- [Aim of the exercise]
Please transcribe the entries that follow exactly as they stand, skipping each picture.

- [Input records]
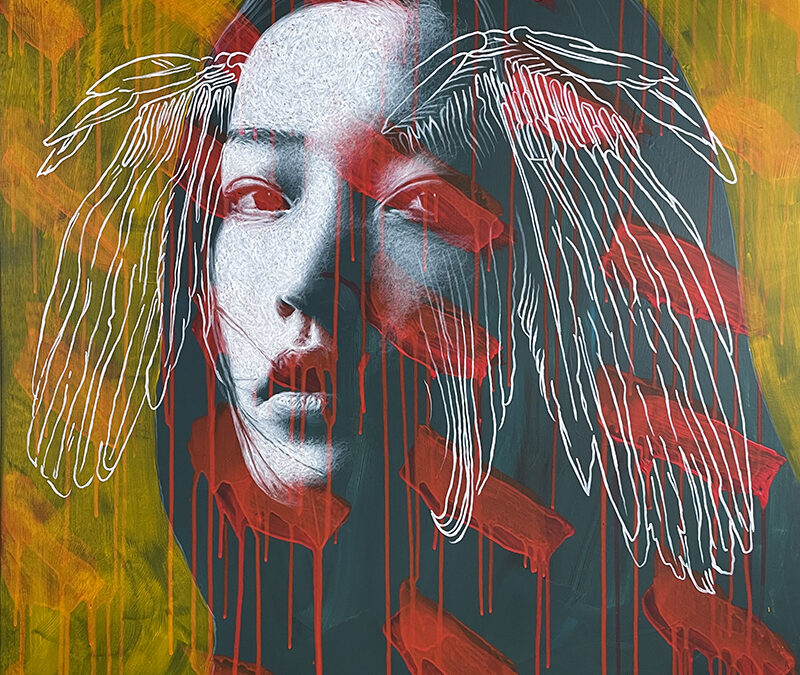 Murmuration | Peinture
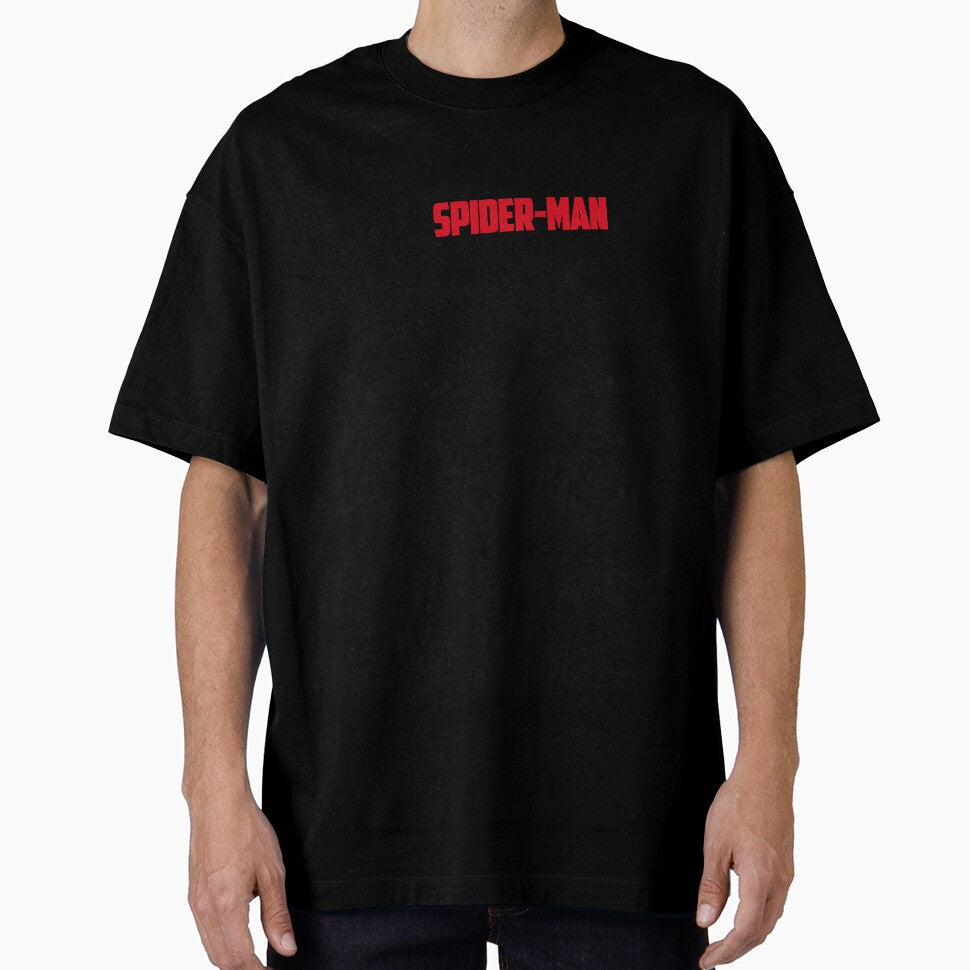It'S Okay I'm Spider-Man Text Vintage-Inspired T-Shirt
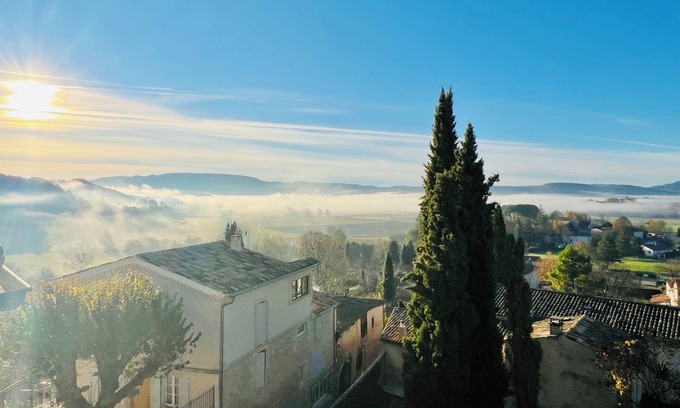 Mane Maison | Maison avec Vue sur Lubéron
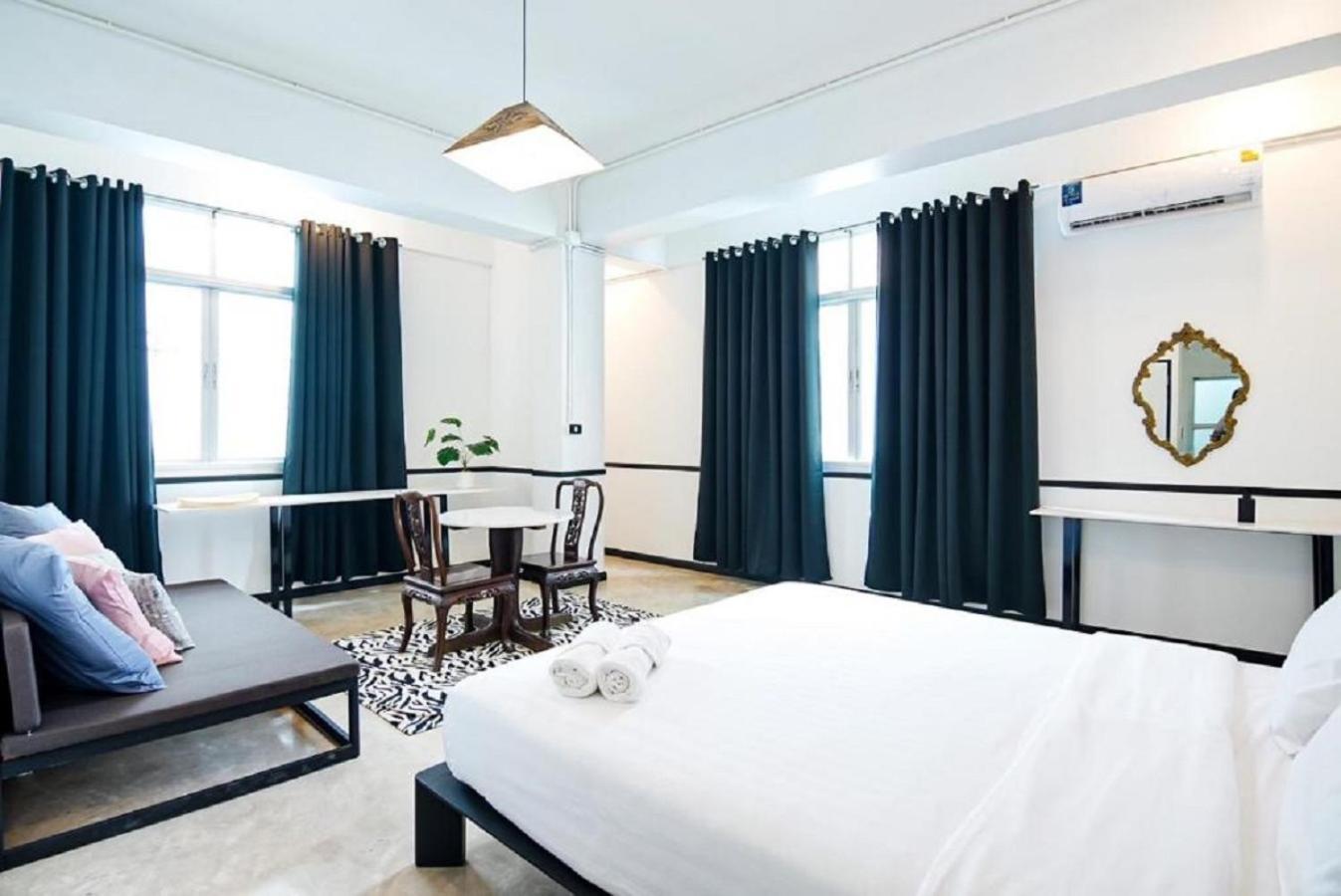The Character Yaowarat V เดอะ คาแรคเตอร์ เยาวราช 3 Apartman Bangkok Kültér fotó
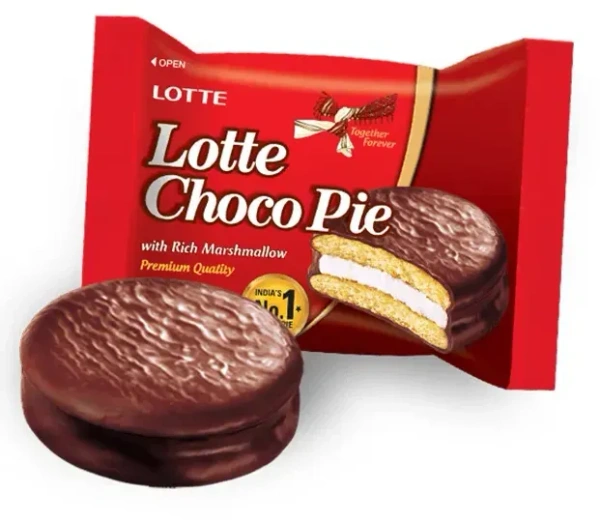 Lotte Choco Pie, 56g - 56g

- [Solution for this problem]
 Murmuration | Peinture
It'S Okay I'm Spider-Man Text Vintage-Inspired T-Shirt
 Mane Maison | Maison avec Vue sur Lubéron
The Character Yaowarat V เดอะ คาแรคเตอร์ เยาวราช 3 Apartman Bangkok Kültér fotó
 Lotte Choco Pie, 56g - 56g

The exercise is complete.